Je ne m'étais pas rendu compte de la place affreuse que tu prenais. Que tu avais pris. Que t'était-il passé par l'esprit? Tu le savais. Tu savais que je ne voulais pas de ça. Tu savais que je ne pouvais pas me permettre de vivre à nouveau ce désespoir. Mais tu es quand même entrée, bon dieu, sans que je sache comment. Au sein de mes pensées, au cœur de ma poitrine, et au creux de mon sang. En moi.
Aujourd'hui je te maudis. Je maudis la terre, l'air, les royaumes, les peuples et les monstres de ce monde si vaste que je n'ai pas pu voir avec toi. Je me maudis moi.
Parce qu'aujourd'hui, tu n'es même plus là.
Tu t'es échappée de moi.
Sans même que je puisse t'avouer ce que je pensais de toi.
Sans même que je puisse te dire à quel point j'étais fier de toi. De la brave soldate que tu étais.
Les ailes noires t'ont emporté, et ta présence s'est dissipée dans les effluves de cette nature cruelle.

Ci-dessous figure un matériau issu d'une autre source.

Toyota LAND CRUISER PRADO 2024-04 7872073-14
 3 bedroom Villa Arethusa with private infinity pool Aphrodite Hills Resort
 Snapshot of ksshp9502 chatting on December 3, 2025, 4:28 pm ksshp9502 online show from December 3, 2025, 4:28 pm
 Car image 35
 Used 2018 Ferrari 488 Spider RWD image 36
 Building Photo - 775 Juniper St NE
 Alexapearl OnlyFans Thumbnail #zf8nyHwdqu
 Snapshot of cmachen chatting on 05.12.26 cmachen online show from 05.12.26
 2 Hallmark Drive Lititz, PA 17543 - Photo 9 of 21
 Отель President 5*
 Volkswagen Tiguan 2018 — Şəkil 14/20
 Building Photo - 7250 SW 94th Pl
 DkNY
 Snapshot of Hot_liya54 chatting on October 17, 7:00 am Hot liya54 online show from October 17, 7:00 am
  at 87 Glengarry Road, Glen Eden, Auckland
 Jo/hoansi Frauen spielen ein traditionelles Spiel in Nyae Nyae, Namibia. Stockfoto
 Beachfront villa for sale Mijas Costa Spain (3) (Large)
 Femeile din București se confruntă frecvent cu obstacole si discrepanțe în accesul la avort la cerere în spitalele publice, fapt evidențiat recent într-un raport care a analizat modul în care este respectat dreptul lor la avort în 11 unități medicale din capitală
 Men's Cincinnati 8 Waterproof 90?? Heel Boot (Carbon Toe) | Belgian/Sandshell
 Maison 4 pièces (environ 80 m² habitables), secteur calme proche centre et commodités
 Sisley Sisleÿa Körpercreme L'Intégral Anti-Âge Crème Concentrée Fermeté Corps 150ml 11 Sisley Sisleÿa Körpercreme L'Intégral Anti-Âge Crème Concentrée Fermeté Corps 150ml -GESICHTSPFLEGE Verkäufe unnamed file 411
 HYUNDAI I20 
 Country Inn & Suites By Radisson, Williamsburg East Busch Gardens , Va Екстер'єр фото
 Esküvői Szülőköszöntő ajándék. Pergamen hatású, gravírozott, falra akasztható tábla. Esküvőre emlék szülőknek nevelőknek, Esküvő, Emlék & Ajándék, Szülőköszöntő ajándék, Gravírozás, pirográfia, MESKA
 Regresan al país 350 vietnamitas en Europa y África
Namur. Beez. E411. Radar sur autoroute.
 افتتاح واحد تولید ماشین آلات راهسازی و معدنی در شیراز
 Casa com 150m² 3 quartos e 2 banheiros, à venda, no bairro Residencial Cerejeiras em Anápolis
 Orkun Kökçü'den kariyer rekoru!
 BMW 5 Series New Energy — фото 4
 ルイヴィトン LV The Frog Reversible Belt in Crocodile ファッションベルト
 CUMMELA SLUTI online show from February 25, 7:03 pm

J'aurais aimé te dire tout ça.
J'aurais aimé te dire ces mots.
J'aurais aimé te dire que je ne pouvais pas. Que je n'en avais pas le droit. Mais que tu ne m'avais pas laissé le choix.
J'aurais aimé toucher tes lèvres, au moins une seule fois.
Et au moins te dire adieu. Je n'aurai demandé que ça.
Parce que bordel, malgré toutes les misères de ce monde, tu m'as rendu fou amoureux de toi.
Et je me répète finalement, que même si les regrets me rongent les os, ce n'est pourtant que la mélancolie de ton sourire et ton souvenir que je me tiens ici, en vie, aujourd'hui.
Je pense que c'est pourquoi ce soir, je suis là, Petra.
J'écris pour te dire que je vais vivre pour toi.
Même si pour cela, je dois être sans toi.
Sans ta voix, sans ta peau, sans tes mots.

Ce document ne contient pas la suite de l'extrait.